Write down, unchanged, the entries from the first line through the line holding "Angela Women's Clothing". Include no other line.

Stored items:

---------------

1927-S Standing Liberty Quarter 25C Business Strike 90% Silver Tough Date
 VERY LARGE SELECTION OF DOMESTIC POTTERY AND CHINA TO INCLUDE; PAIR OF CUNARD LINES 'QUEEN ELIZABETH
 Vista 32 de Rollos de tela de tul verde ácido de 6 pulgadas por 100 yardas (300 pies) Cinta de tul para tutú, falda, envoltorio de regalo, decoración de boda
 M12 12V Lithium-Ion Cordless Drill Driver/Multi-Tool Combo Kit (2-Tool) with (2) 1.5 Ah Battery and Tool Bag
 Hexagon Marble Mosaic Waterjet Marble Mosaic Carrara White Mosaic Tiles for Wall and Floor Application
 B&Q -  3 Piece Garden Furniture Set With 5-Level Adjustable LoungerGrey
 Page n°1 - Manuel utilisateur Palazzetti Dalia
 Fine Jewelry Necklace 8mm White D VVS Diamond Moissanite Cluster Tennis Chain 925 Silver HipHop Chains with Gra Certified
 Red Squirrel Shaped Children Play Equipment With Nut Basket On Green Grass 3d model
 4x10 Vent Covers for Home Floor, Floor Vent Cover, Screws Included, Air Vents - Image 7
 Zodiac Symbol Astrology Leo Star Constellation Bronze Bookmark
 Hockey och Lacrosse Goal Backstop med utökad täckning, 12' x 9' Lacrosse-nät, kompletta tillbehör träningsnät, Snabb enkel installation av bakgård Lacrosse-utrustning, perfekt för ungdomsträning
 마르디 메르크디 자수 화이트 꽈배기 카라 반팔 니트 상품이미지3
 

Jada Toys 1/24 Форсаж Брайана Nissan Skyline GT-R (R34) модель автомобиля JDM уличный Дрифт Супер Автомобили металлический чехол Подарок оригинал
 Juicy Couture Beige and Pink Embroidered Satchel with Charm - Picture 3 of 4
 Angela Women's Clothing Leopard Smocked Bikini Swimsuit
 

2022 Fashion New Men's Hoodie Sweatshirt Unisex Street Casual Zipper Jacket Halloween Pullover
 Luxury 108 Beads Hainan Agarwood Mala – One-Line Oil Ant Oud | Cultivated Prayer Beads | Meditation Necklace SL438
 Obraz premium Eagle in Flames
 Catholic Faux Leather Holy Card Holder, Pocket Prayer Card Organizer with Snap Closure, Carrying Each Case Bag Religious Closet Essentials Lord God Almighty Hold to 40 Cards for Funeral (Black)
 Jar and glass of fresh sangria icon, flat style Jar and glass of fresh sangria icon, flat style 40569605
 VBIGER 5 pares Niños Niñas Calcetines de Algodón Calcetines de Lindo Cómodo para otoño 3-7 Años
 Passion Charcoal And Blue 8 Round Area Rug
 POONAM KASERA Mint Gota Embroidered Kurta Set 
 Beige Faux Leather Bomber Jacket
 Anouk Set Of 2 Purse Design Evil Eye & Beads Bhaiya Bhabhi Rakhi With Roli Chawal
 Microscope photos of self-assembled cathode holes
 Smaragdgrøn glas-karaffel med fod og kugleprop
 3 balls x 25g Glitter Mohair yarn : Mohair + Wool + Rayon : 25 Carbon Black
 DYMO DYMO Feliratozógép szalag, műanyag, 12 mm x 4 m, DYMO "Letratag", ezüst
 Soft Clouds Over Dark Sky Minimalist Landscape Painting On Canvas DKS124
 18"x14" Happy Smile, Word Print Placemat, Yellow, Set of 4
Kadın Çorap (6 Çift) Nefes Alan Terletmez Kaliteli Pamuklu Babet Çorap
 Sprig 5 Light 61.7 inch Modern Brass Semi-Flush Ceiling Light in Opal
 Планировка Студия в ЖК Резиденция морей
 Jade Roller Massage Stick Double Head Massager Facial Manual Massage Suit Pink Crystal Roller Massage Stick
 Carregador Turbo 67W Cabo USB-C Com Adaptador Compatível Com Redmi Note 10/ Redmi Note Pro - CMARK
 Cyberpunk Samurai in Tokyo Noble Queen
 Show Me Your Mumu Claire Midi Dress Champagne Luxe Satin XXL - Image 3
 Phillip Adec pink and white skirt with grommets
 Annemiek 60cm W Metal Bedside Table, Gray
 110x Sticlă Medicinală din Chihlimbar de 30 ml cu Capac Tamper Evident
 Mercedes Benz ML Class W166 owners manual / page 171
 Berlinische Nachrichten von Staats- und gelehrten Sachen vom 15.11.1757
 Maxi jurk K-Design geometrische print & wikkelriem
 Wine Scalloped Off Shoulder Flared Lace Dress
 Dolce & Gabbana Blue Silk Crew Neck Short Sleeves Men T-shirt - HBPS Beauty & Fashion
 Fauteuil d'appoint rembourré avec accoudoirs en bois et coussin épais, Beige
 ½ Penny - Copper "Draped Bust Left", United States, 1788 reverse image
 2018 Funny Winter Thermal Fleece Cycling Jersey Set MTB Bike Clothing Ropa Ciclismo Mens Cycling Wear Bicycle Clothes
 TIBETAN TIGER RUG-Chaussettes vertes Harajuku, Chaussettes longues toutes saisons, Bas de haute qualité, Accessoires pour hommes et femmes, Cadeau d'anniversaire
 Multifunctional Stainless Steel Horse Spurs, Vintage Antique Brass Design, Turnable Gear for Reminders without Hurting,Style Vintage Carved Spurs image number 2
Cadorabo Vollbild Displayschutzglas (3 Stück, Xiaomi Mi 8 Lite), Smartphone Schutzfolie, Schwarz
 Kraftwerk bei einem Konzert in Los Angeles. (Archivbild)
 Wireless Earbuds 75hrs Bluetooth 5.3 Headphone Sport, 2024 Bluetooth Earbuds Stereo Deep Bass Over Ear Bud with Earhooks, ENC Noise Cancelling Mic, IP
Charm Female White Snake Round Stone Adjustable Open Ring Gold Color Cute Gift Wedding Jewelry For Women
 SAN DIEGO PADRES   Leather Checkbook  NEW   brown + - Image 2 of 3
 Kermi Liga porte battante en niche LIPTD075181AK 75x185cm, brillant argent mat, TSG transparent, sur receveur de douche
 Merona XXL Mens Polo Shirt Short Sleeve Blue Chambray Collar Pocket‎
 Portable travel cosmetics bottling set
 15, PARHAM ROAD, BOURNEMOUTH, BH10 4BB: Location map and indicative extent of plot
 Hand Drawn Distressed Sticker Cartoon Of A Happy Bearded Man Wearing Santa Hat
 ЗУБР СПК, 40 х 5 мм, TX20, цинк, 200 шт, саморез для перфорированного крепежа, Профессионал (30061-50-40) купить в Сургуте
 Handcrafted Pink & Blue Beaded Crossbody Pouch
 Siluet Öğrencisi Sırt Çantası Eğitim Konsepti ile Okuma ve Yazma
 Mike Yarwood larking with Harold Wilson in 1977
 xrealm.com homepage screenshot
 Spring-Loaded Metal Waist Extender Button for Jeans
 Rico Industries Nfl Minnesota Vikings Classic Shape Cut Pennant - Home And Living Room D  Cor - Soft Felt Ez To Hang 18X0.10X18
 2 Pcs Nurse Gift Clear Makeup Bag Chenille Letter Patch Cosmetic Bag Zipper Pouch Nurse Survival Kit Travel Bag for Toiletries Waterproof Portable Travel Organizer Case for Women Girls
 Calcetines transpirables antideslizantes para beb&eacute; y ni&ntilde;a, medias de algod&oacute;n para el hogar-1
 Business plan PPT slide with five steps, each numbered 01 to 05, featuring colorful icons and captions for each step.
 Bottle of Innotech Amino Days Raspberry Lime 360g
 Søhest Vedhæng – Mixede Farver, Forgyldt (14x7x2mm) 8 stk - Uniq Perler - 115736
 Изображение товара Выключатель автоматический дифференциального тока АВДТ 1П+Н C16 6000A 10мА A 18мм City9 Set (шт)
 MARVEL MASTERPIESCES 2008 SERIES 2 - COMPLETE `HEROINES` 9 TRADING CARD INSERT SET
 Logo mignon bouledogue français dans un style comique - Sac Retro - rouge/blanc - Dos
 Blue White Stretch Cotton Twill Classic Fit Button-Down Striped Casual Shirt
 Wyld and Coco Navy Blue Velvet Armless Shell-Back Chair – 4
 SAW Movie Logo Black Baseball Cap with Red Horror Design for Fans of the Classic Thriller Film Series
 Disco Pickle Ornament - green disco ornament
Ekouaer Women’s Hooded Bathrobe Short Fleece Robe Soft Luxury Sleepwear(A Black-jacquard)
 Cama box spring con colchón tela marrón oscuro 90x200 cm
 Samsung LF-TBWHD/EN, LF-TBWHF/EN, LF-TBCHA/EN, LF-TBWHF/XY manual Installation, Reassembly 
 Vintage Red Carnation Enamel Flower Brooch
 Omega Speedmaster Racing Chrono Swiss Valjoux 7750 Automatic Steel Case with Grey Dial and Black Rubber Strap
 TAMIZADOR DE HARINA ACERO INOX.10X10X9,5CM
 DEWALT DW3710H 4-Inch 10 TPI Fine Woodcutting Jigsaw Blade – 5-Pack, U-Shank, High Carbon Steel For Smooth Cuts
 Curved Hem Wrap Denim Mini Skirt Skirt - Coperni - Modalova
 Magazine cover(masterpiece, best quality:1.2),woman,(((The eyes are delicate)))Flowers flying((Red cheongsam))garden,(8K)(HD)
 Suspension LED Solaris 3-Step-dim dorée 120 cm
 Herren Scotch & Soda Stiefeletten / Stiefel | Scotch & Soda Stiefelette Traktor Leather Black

---------------

● **EXERCISE ANSWER**
1927-S Standing Liberty Quarter 25C Business Strike 90% Silver Tough Date
 VERY LARGE SELECTION OF DOMESTIC POTTERY AND CHINA TO INCLUDE; PAIR OF CUNARD LINES 'QUEEN ELIZABETH
 Vista 32 de Rollos de tela de tul verde ácido de 6 pulgadas por 100 yardas (300 pies) Cinta de tul para tutú, falda, envoltorio de regalo, decoración de boda
 M12 12V Lithium-Ion Cordless Drill Driver/Multi-Tool Combo Kit (2-Tool) with (2) 1.5 Ah Battery and Tool Bag
 Hexagon Marble Mosaic Waterjet Marble Mosaic Carrara White Mosaic Tiles for Wall and Floor Application
 B&Q -  3 Piece Garden Furniture Set With 5-Level Adjustable LoungerGrey
 Page n°1 - Manuel utilisateur Palazzetti Dalia
 Fine Jewelry Necklace 8mm White D VVS Diamond Moissanite Cluster Tennis Chain 925 Silver HipHop Chains with Gra Certified
 Red Squirrel Shaped Children Play Equipment With Nut Basket On Green Grass 3d model
 4x10 Vent Covers for Home Floor, Floor Vent Cover, Screws Included, Air Vents - Image 7
 Zodiac Symbol Astrology Leo Star Constellation Bronze Bookmark
 Hockey och Lacrosse Goal Backstop med utökad täckning, 12' x 9' Lacrosse-nät, kompletta tillbehör träningsnät, Snabb enkel installation av bakgård Lacrosse-utrustning, perfekt för ungdomsträning
 마르디 메르크디 자수 화이트 꽈배기 카라 반팔 니트 상품이미지3
 

Jada Toys 1/24 Форсаж Брайана Nissan Skyline GT-R (R34) модель автомобиля JDM уличный Дрифт Супер Автомобили металлический чехол Подарок оригинал
 Juicy Couture Beige and Pink Embroidered Satchel with Charm - Picture 3 of 4
 Angela Women's Clothing Leopard Smocked Bikini Swimsuit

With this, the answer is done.